The truth is, Google+ had little “adhesive” power; the average period of user engagement is just five seconds — so short, that it can be dismissed as accidental. But this too is puzzling when one considers Google’s brand equity as well as the fact that other Google platforms such as YouTube attract huge, sticky audiences. Indeed, between YouTube, Blogger, the marque search website, and the news disseminat­ion services, one would have assumed that Google+ would have been a guaranteed success especially since Google did put huge resources into its creation and marketing. This is more so because back in 2011, Facebook was an upstart struggling to finance its platform even as it was adding members at a great speed. It had no other properties to speak of. Google, in contrast, was already a behemoth. It was dominant in the online search and advertisin­g business it had invented; it ran the world's biggest video-sharing website, a popular blogging service, and the world's largest free email service as well.

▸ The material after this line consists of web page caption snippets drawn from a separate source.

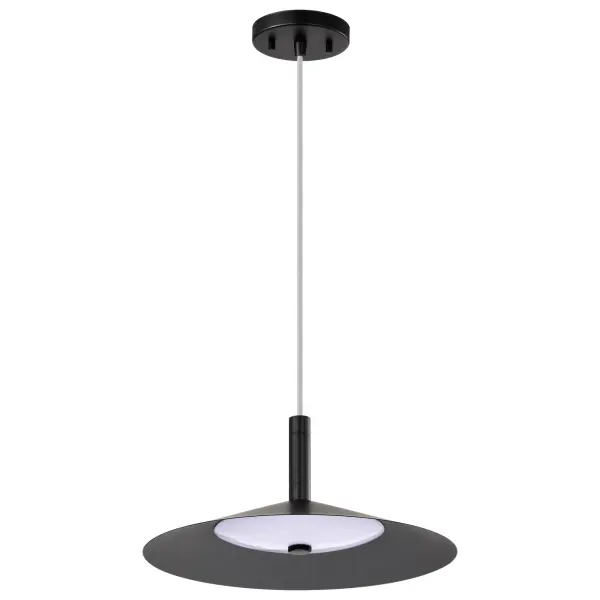 Corrine 14" LED Pendant in Matte Black - Image 7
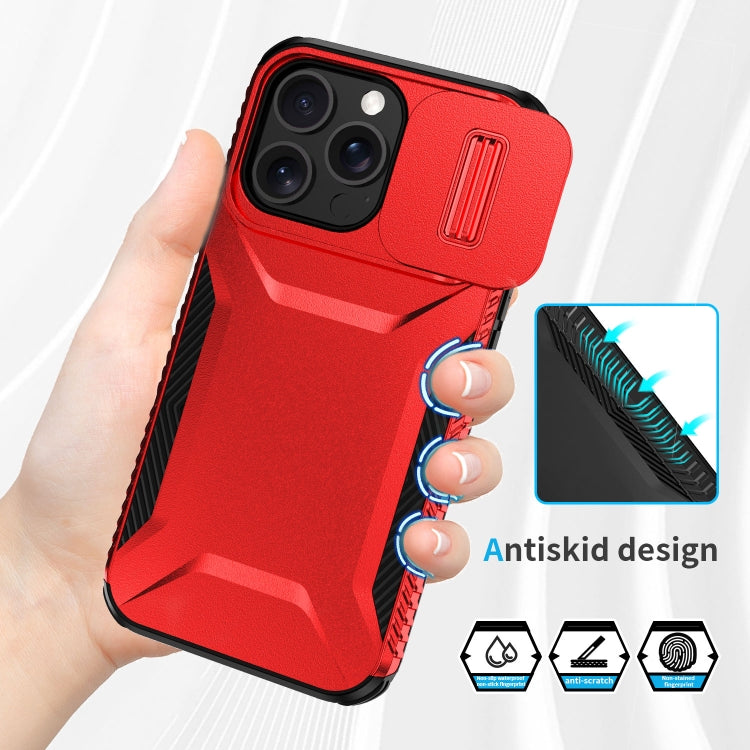 For iPhone 13 Pro Sliding Camshield Phone Case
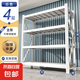 貨架倉儲多層置物架倉庫庫房重型儲物架超市快遞貨物收納架 白色四層主架【強(qiáng)悍承重】 倉儲級105*40*200 承重350KG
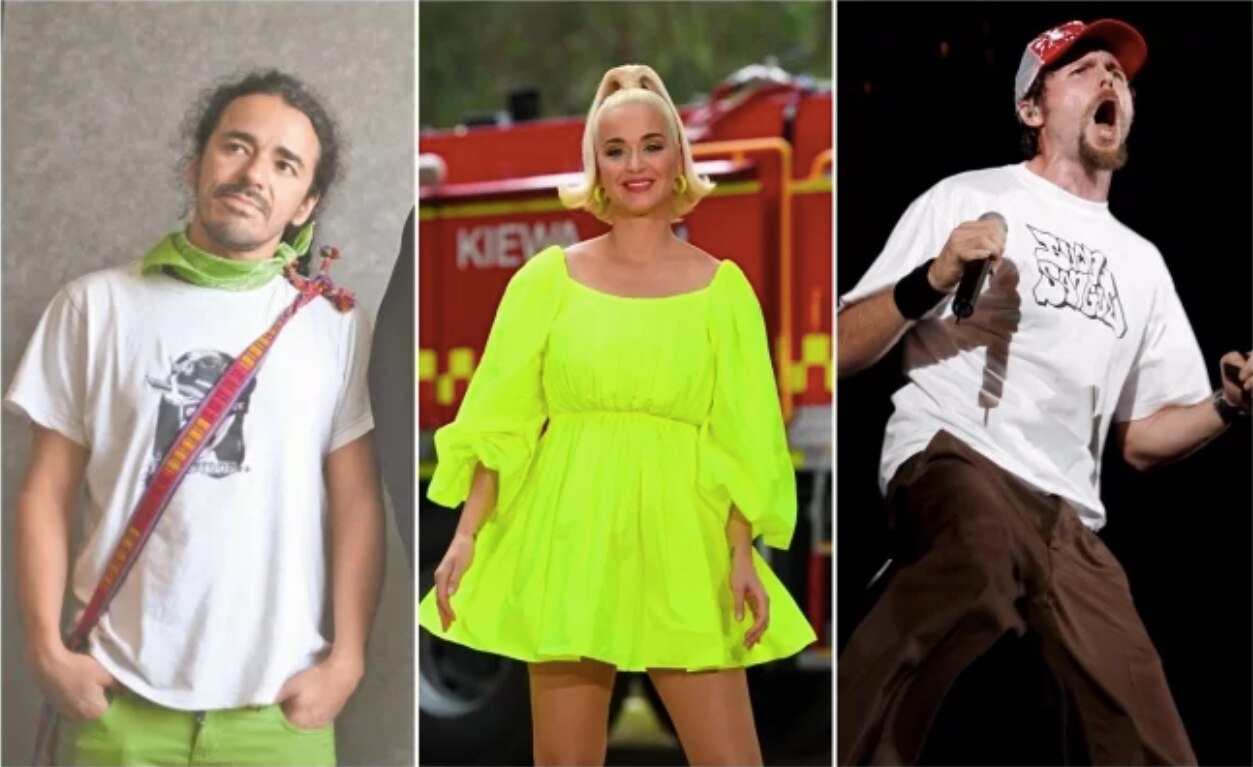 Café Tacvba, Katy Perry y Jovanotti. Fotos: EFE y archivo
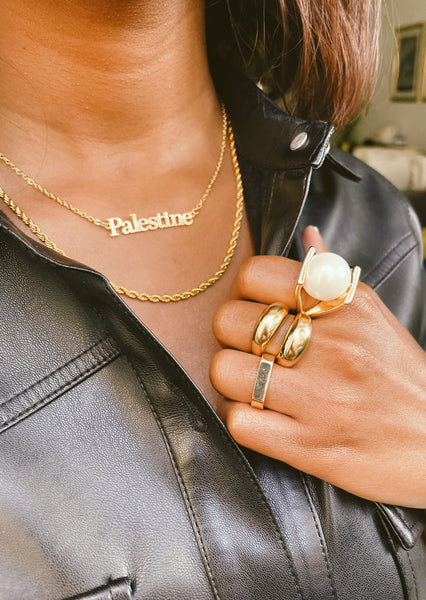 FOR PALESTINE I Tarnish Free I 18k Gold Plated Stainless Steel Palestine Necklace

Why couldn't Google leverage these strengths to grab the attention on its social media platform? The answers must lie in the realms of behavioura­l science rather than technology or finance. One possible explanatio­n is that people don't care to use two generic social media networks. And since Facebook was better when it started and good enough later, consumers did not bother going through the trouble of replicatin­g their sharing experience on Google+. What helped Facebook edge past Google+ in consumer experience was possibly Google's ill-focused approach. The search giant was interested in granular data about users. It wanted to link Google+ activity to “search” patterns. But, in its laser focus on analytics, it failed to create an environmen­t where people wanted to spend hours playing with apps and chatting with friends. Ironically, Facebook ended up knowing more about its users precisely because it focused on generating user engagement. Management theorists will surely debate these and other possibilit­ies for years to come. In the meantime, an old aphorism about the tech industry and its fast-cycles is worth pondering over: Every new cycle throws up new challenger­s and no industry leader has ever managed to retain pole position through two successive cycles.